The commissioning of the Maternity Ward at Kikandwa Health Centre on 9th June 2018 coincided with the Rotary Club of Kampala South Rotary Family Health Day Camp. It was on that day that an 11-year-old boy was brought to Kikandwa Health Centre II for medical help by his sister. He was obviously sick, wasted and his overly distended abdomen stood out. He was dressed in a dirty ‘kanzu’ (tunic) that had since become his signature attire and it easily revealed his grossly swollen abdomen. He became the center of attention as everyone kept staring at him until one of the clinicians ushered him into the outpatient emergency room.
Mohammed Musisi, as we later learnt was his name, lived about 7.5 km away from Kikandwa with his father, who was reportedly unable to support him to receive definitive medical assistance for his problem. He had complaints of discomfort, constipation and spent most of his time lying on his chest for relief especially when he passed flatus, and had suffered this condition for the past 10 years! His family used to perform routine ‘soap enemas’, as taught in earlier hospital visits (before he turned 5 years) to relieve his on and off constipation and chronic intestinal obstruction.
The medical team initially thought he had either kidney, liver or even heart complications because their first impression was that he was having ascites (fluid in the abdomen)! On examination of the abdomen, it was evident Musisi had huge amounts of air (gas) in the abdomen further confirming the intestinal obstruction! They could not, therefore, perform a peritoneal tap (injection into the abdomen to get rid of fluid and reduce the discomfort), as earlier anticipated, as it was now clear there was no fluid in the abdomen like they had thought!
A decision was made to seek further medical help from a nearby health facility, Naggalama Hospital. Luckily, his sister stayed a few meters from the hospital and this was a great opportunity to have him easily treated and followed up!

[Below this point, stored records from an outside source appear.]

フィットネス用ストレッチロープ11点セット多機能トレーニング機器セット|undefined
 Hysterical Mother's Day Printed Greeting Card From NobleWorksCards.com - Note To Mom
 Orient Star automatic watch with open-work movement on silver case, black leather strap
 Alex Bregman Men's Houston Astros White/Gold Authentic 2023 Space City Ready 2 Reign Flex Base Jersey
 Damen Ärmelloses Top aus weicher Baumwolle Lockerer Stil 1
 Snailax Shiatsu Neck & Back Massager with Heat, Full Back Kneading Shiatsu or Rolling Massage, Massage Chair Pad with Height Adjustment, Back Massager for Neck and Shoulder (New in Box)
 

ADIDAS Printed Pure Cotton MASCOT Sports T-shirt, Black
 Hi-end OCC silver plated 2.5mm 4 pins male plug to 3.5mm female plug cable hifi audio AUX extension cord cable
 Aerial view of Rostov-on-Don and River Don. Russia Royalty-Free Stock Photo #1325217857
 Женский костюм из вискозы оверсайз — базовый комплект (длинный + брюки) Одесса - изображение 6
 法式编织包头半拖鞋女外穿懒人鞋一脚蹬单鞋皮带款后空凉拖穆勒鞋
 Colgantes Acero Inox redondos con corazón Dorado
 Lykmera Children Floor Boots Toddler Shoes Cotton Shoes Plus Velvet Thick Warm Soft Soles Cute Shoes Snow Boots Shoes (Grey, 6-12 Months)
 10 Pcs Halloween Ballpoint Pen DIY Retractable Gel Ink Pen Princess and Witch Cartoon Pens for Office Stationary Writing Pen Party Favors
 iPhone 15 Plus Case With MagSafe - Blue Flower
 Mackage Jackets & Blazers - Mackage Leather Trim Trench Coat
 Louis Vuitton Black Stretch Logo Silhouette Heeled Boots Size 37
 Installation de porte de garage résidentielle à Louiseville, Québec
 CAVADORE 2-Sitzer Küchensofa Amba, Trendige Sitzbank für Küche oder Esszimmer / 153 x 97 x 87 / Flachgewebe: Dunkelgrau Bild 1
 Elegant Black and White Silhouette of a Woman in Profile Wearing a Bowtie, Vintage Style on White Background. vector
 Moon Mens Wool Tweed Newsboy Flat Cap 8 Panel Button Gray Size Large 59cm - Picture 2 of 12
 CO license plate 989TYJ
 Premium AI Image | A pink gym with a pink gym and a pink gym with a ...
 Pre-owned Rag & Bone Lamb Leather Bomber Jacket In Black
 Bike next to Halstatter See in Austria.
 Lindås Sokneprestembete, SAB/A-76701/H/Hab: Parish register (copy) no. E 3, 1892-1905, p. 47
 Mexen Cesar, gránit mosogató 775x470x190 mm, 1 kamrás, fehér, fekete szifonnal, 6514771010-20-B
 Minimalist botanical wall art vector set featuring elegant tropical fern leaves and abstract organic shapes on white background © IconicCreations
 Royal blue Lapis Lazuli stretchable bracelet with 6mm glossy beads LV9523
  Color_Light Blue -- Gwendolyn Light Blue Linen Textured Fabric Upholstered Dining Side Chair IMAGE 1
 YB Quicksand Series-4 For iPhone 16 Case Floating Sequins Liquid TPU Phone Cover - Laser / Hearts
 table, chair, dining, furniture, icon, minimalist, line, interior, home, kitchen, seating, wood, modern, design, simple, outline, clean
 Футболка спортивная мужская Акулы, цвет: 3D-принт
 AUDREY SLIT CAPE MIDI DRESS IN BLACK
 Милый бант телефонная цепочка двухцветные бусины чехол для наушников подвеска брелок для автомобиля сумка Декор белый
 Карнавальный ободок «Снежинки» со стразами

An abdominal fluoroscopy was consequently performed, at the hospital, which revealed massively dilated or enlarged bowel loops of the large intestine, and he was diagnosed with Hirchsprungs disease! A disease that is usually diagnosed and fully managed or corrected by age of 2 years! Musisi was booked for
an exploratory laparotomy operation that lasted 4 hours and was finally relieved of his chronic intestinal obstruction. He continued to improve and was responding well to medication and in his new state of a much-reduced abdomen.
Members of the Rotary Club of Kampala South have continued to meet the costs of Musisi’s medical and feeding expenses totaling up to UGX 3.1 million till The hospital has been equally very supportive in reducing costs of surgery to only UGX 320,000, and the total medical bill to only UGX 1.3 million. Additional contributions from club members cater for colostomy bags (5 re-usable bags per week, at UGX 7,000), feeding and upkeep at UGX 50,000 per week. Special thanks to our Service Projects Director Rtn Rita Tinka and Rtn Dr. Kalungi who periodically check on Musisi’s progress.
By Rtn Esther Mwambu
Past President Rotary Club of Kampala South, Uganda.